Controlling the geometry of laser ablated microneedle cavities in different mould materials and assessing the replication fidelity within polymer injection moulding

Microneedle arrays are minimally invasive devices which enable self-administration of drugs in a straightforward and efficient way. Recently, a low-cost mass production method to produce solid polymer microneedles using laser ablated moulds in an injection moulding process has been developed. In this context, it is key to understand how the geometry of the microneedle cavities can be changed and what parameters affect the replication fidelity during injection moulding. In this study, two laser scanning parameters, being the programmed base diameter and the number of layers were varied in four levels and their effects on the geometry of the microneedle cavities were evaluated in tool steel, copper alloy, and aluminium alloy inserts.
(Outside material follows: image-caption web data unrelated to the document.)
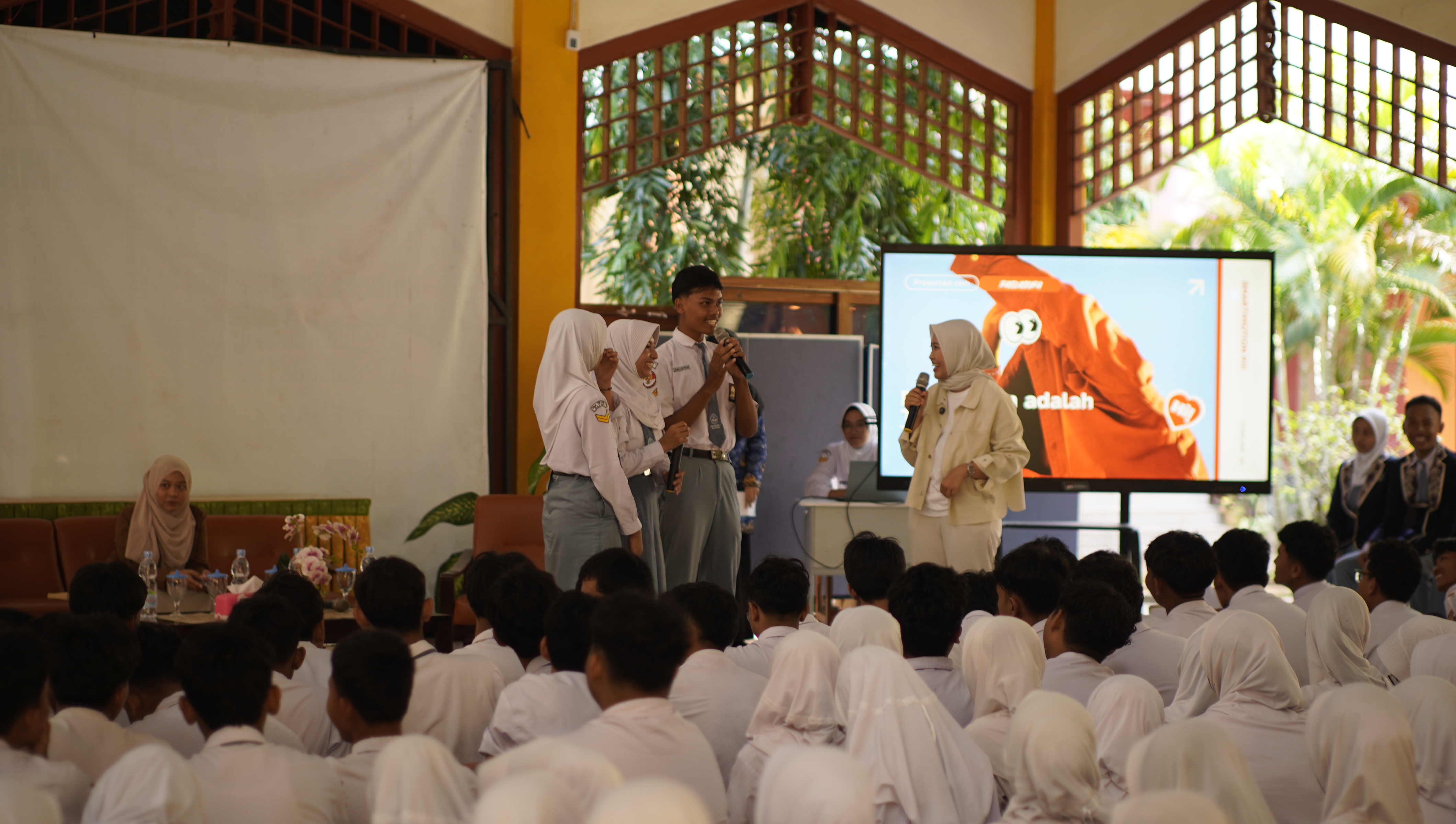 Gen Z Batang Didorong Bijak Hadapi Era Digital Lewat Goes to School Infobatang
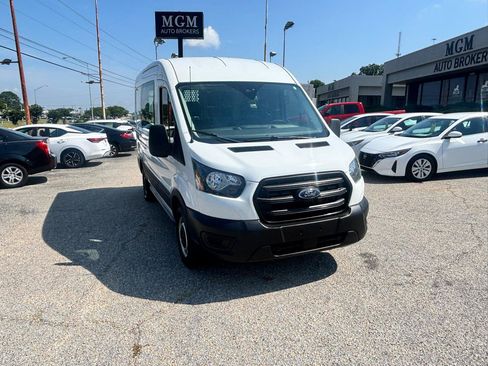 Used 2020 Ford Transit 250 Medium Roof w/ Load Area Protection Package RWD image 3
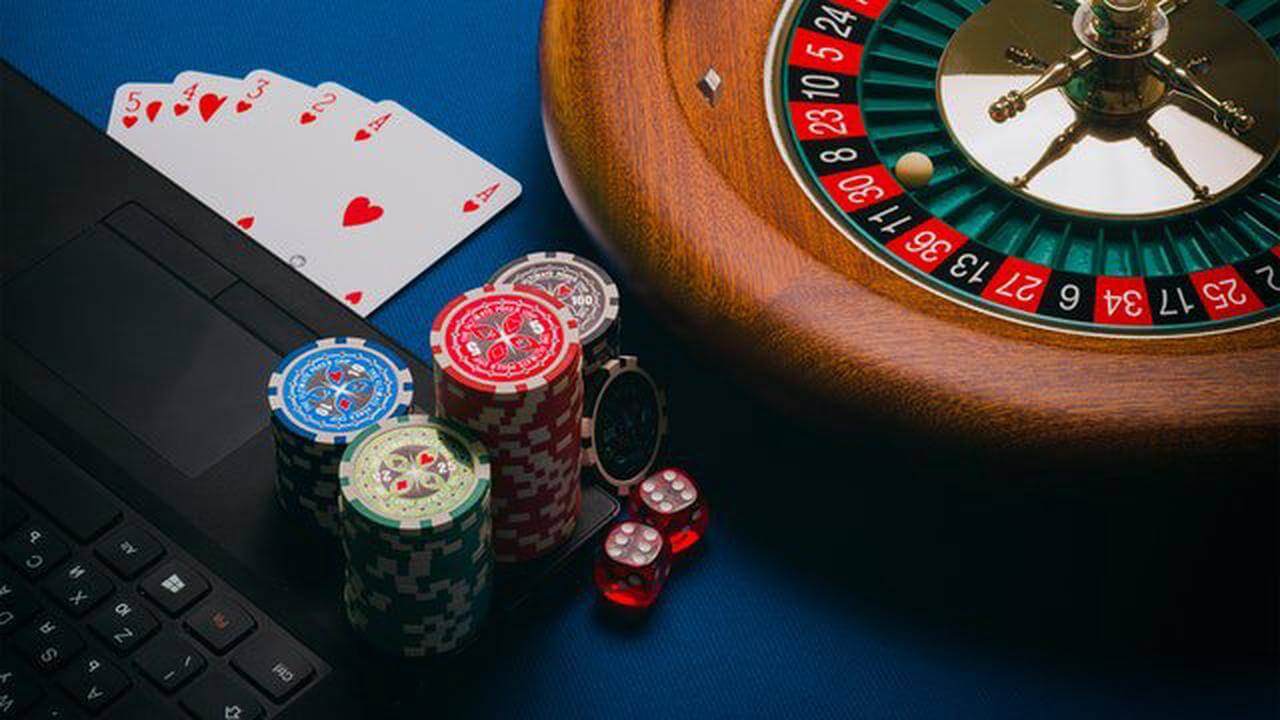 Immediately become a member at fun888! Enjoy your favorite casino games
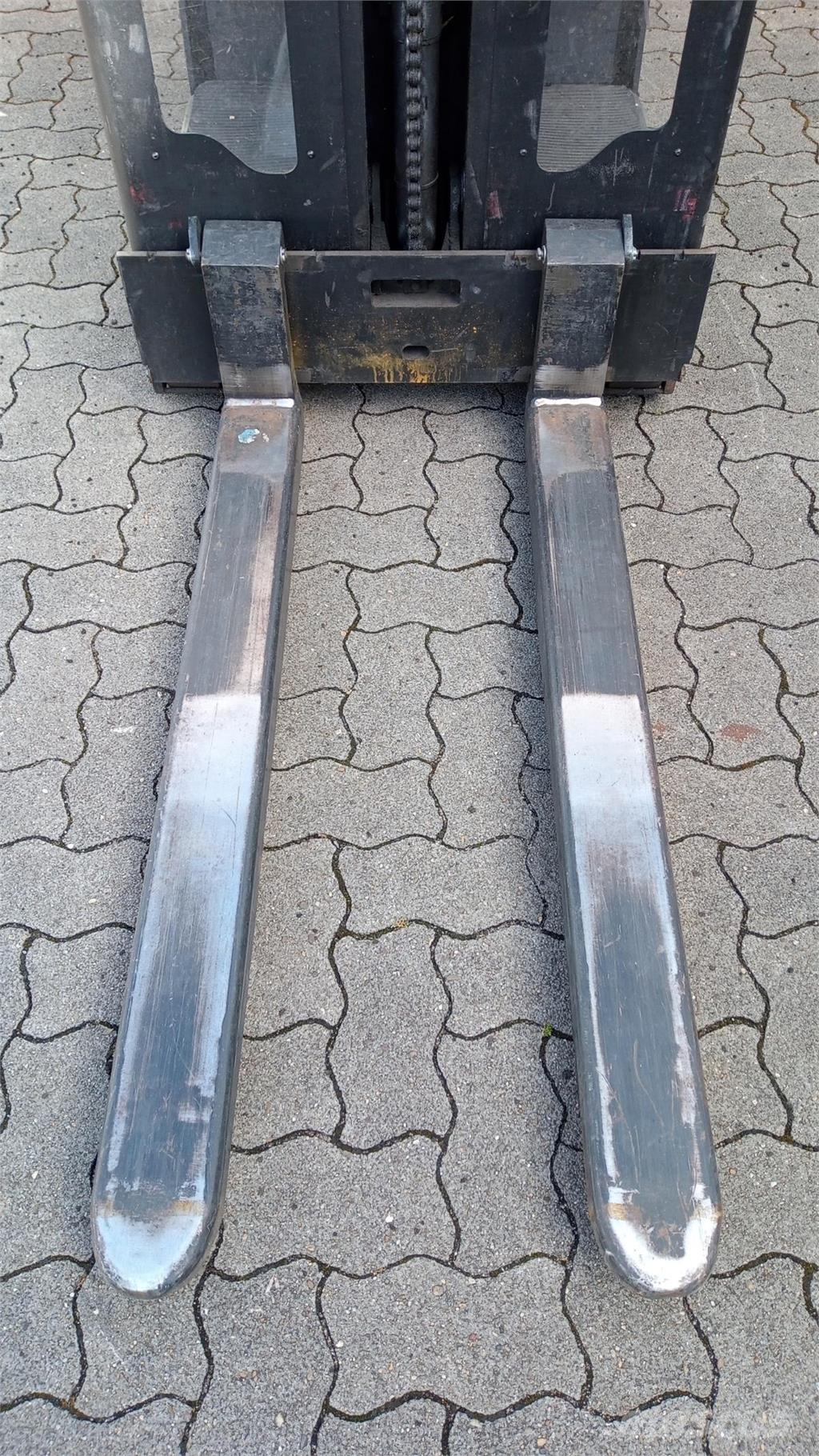 Toyota OSE100 自走式堆積機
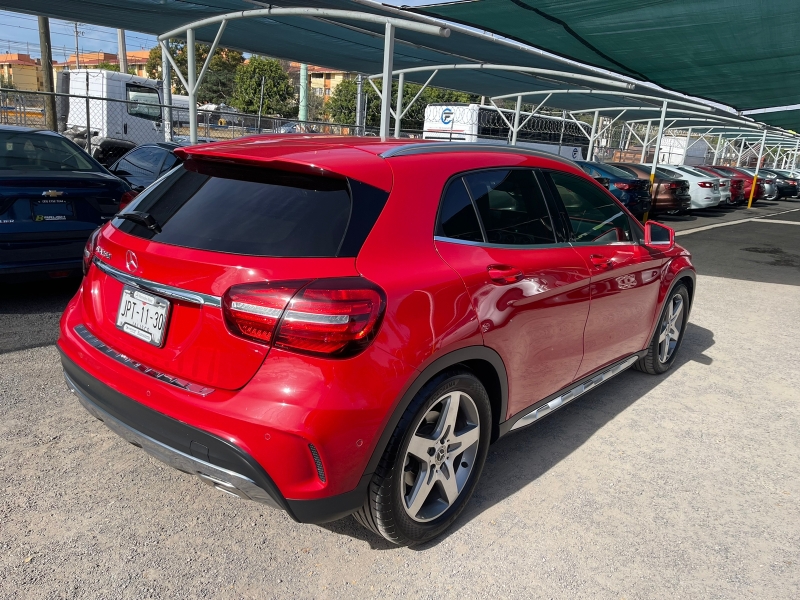 Oferta Mercedes-Benz Clase GLA 2018 250 SPORT Automático Rojo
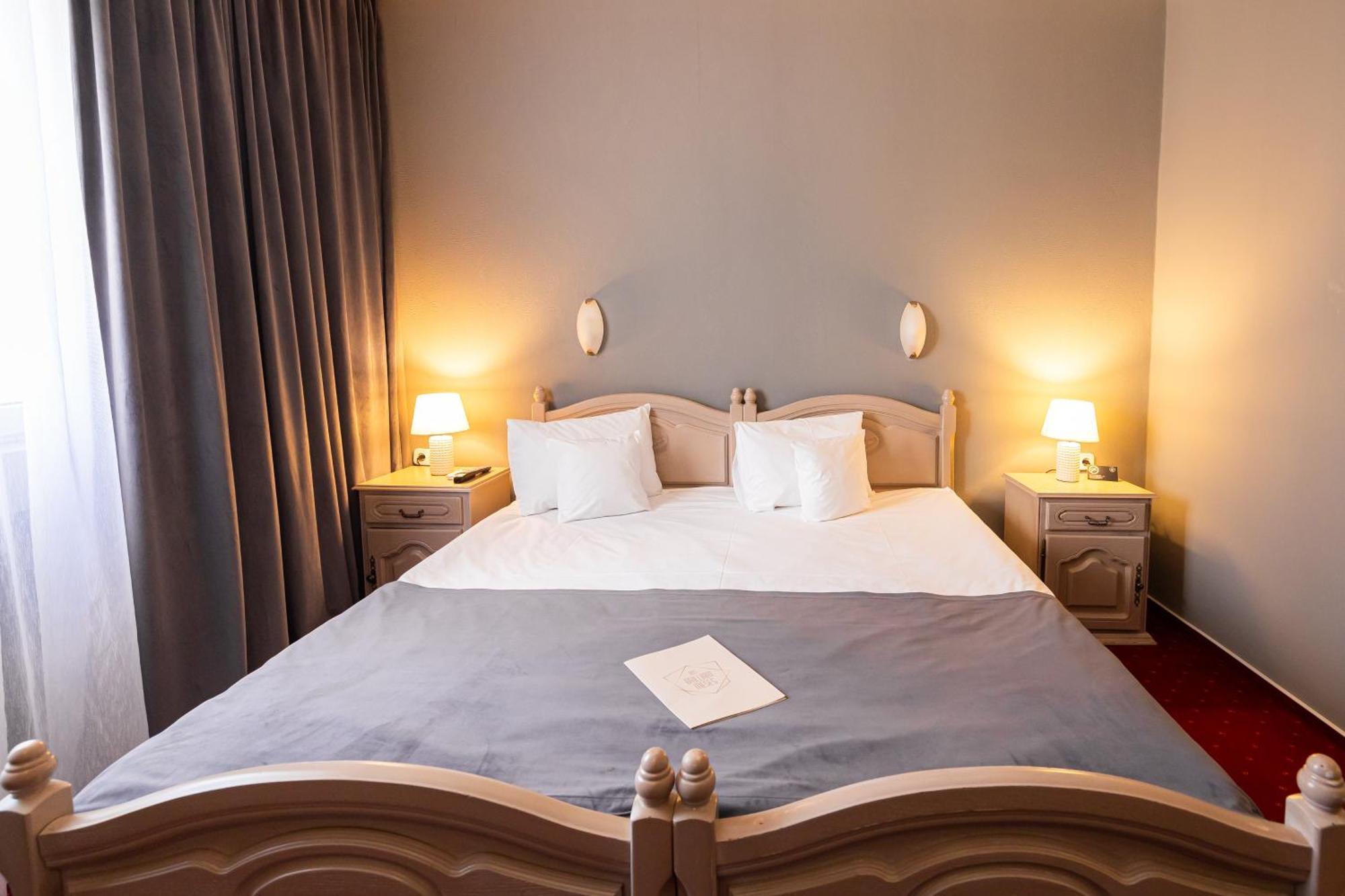Hotel Brilliant Meses Zalău Eksteriør billede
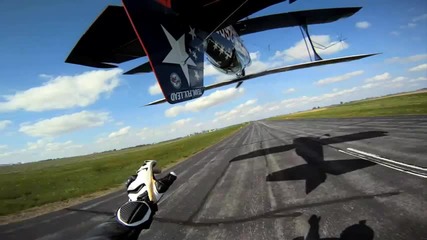 Хвани опашката на самолет - Gopro Hd Airplane Tail Grab with the Werth Brothers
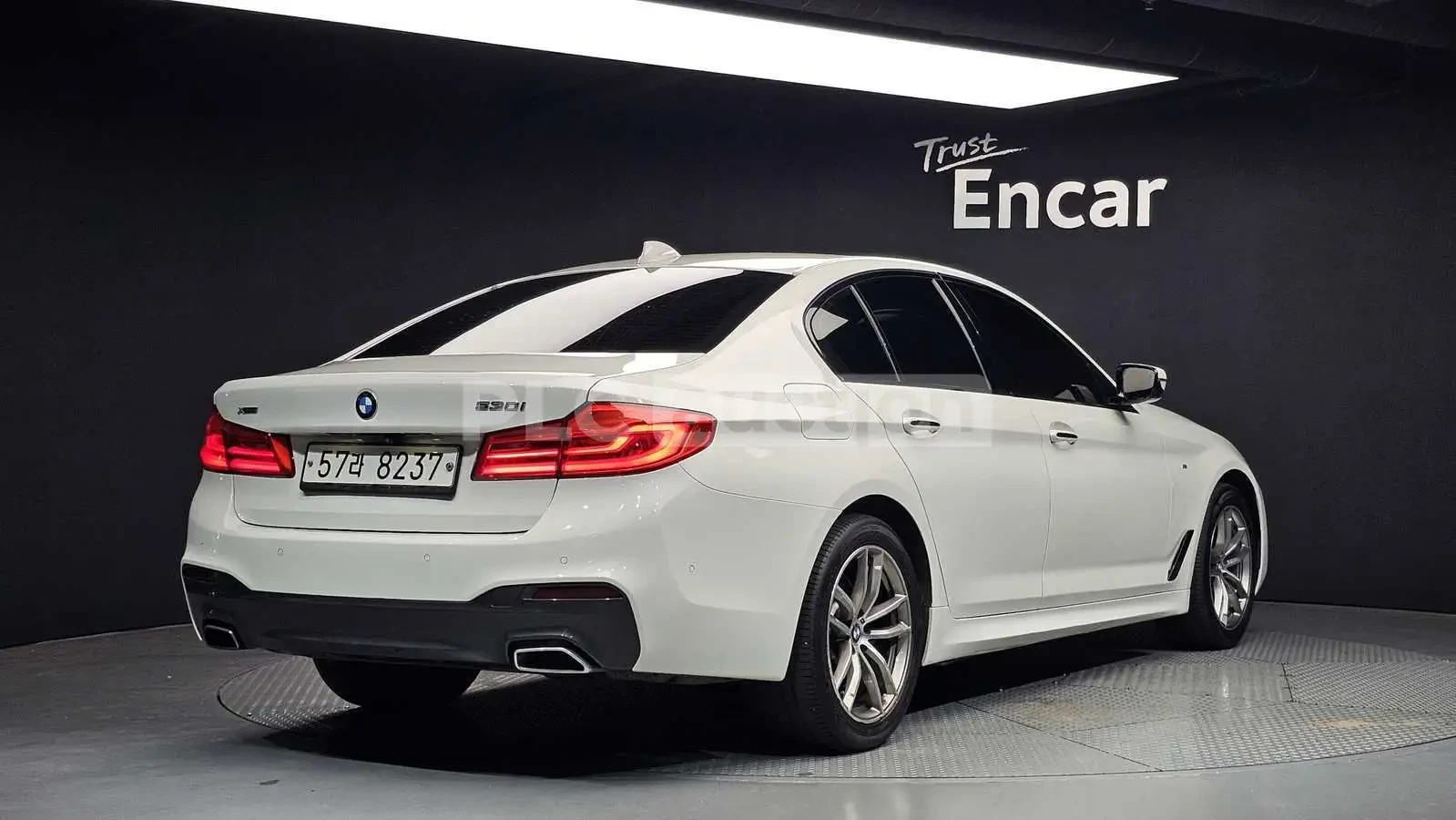 BMW 530 XDRIVE HEAD UP/360#PANO# #УНИКАТ# !FULL!, снимка 2 - Автомобили и джипове - 55187737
Afterwards, the microneedle cavities were replicated in polypropylene and polycarbonate using injection moulding. The study showed how the depth and base diameter of the microneedle cavity can be changed by varying laser scanning parameters. Moreover, the moulds in the three materials exhibited different microneedle cavity shapes and dimensions, due to differences in material properties. As to the injection moulding process, strong linear relationships were found between the aspect ratio of the microneedle cavities and the replicated thermoplastic microneedles, where a higher aspect ratio resulted in a lower replication. The replication fidelity for the polypropylene microneedles was in all cases higher compared to the polycarbonate needles. Between the three mould materials, a comparable replication fidelity was found for tool steel and copper alloy and a lower replication for the aluminium alloy, due to differences in thermal and wetting properties.